As support for removing the Carr Building's name continues to grow, here's a look at the legacy of the man the history department wants to rename it for.

In late August, the history department submitted a proposal to the Board of Trustees, recommending that the Carr Building be renamed after Raymond Gavins, the first African-American history professor at Duke.

One-hundred forty Duke history alumni also signed a letter submitted to Richard Riddell, senior vice president and secretary to the Board of Trustees, earlier this month denouncing the namesake of Julian Carr, a “virulent white supremacist” who donated Blackwell Park to Trinity College, allowing the college to move to Durham in 1924 and become Duke University. They also unanimously recommended Raymond Gavins as a new namesake for the building. 

Gavins joined Duke’s faculty in 1970, becoming the first African-American faculty member in the history department. His students say he not only shaped the trajectory of the department, but served as a mentor and role model for students during his 46-year tenure at the school. Gavins died in 2016. 

Born in Atlanta, Ga., Gavins was the seventh of eight children in his family and went on to pursue his higher education at the Virginia Union University in Richmond, Va., until his graduation in 1964. He then earned both his master’s and Ph.D. degrees in history at the University of Virginia, becoming the first African American to earn a Ph.D. in the history in the university’s Graduate School of Arts and Sciences in 1967. 

Gavins taught Duke's first course in African-American history in the Fall 1970. Waldo Martin, now the Alexander F. and May T. Morrison professor of American history and citizenship at University of California at Berkeley, said he remembers taking the class as a sophomore.

“I think it was one of the key inspirations on my road to becoming a historian. I’m not sure I would have become a historian if I hadn’t taken Ray’s class. I didn’t really like history that much,” Martin, Trinity ‘73, said. “Ray’s class inspired me.
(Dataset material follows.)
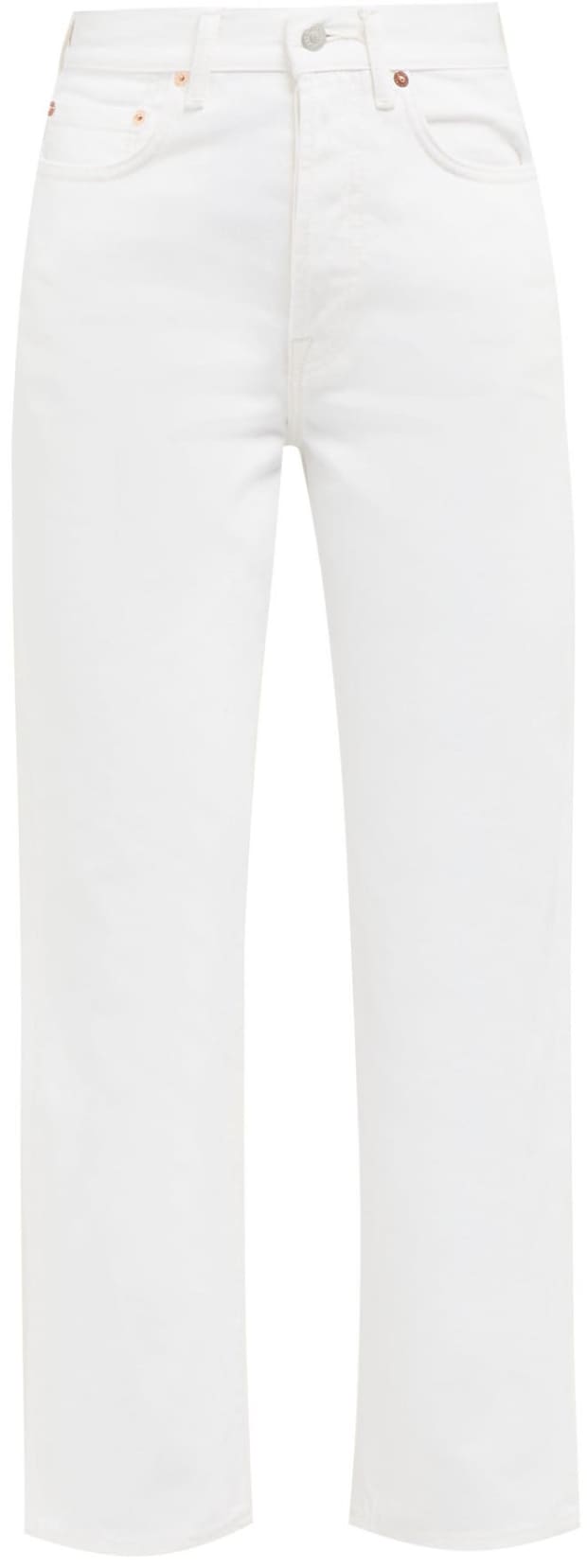 high rise white denim jeans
I saw myself in that class.”

Joining the Duke faculty at a time when there were only a handful of African-American students at the University, Gavins made mentoring scholars of color a priority. 
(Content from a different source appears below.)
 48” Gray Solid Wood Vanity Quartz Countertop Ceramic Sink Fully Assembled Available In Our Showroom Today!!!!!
“I believe Dr. Gavins should be honored by having the Carr Building renamed for him because he worked tirelessly to diversify the historical profession within the academy,” said Crystal Sanders, Trinity '05 and associate professor of history and African American Studies at Pennsylvania State University, for whom Gavins served as her Mellon Mays Undergraduate Fellowship advisor as well as her honors thesis advisor. 
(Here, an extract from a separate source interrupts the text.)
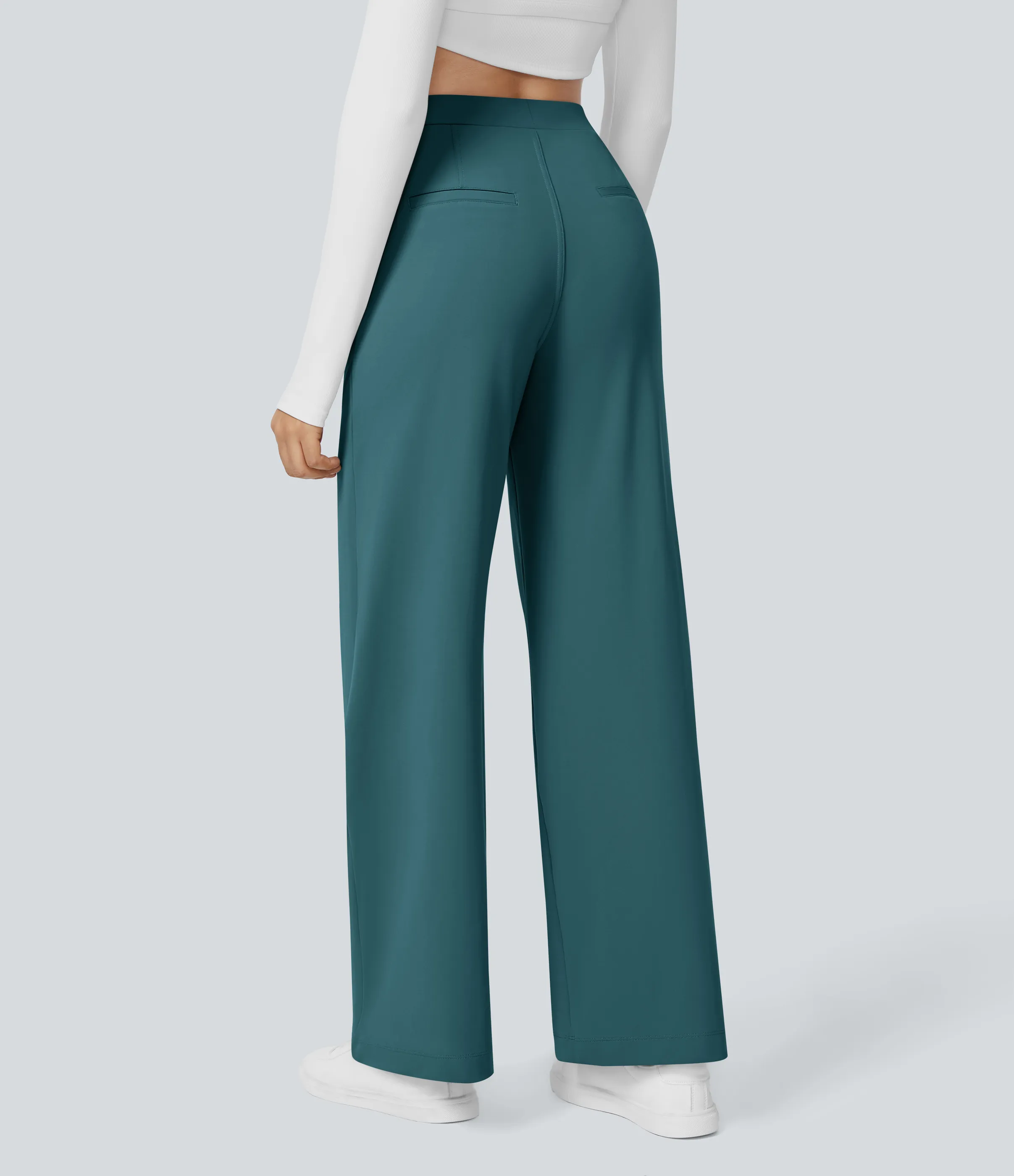 Halara Pantalón oficina pierna recta bolsillo lateral tiro alto pliegue - Atlantic Deep - S(petite) sold by Halara product image thumbnail 2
As an African-American woman from a rural small town in eastern North Carolina, Sanders said it was very important for her to see someone in the history department who was not white. 

“Representation matters, but it wasn’t just seeing him—he encouraged me and told me I had what it took to be a historian and enter the historical profession as a scholar, educator and author,” Sanders said. "Him believing in me allowed me to believe in myself."

Gavins’ pioneering work helped create the field of Afro-American history and highlight the importance of social history and oral tradition. He also made African-American history classes at Duke popular. 

According to his former students, Gavins impacted thousands of students with the message of pursuing truth in African-American history beyond the scope of the implementation of white supremacy but also studying social history and oral traditions to record the people’s history.

Chronicle File Photo
Chronicle File Photo

His groundbreaking scholarship included cofounding the Behind the Veil project which documented oral history interviews of African-American life in the Jim Crow South from the 1890s to the 1950s. He also helped launch the history department’s Oral History Program.

Now teaching at Georgetown Law School and writing legal history, Brad Snyder, Trinity '94, said Gavins inspired many of his current endeavors. 

“His office was an intellectual greenhouse and the door was always open as he supervised my honors thesis for three years. His classes changed my life," Snyder said. "He was my biggest fan. I miss him so much. I wish I could tell him about what’s going on in my life. I dedicated my second book to him." 

Philip Rubio, Graduate School ’06, said Gavins encouraged students to examine history critically, which is exactly what students did by challenging of the landscape of confederate monuments and through the later demonstrations on campus were. 

Braxton Shelley, Trinity ’12 and assistant professor in the music department at Harvard, said he credited Gavins for the nuts and bolts of his academic foundation.

“Renaming the Carr building in his honor would be a fitting tribute that would point to some of the work he did in nearly half a century on the faculty. It’s a no brainer and I really hope to see it happen,” Shelley said. “Very rarely a week goes by where I don’t think about him…that really inestimable amount of impact is certainly worthy of a building.”

Editor's note: This article was updated to include Sanders' current academic affiliation.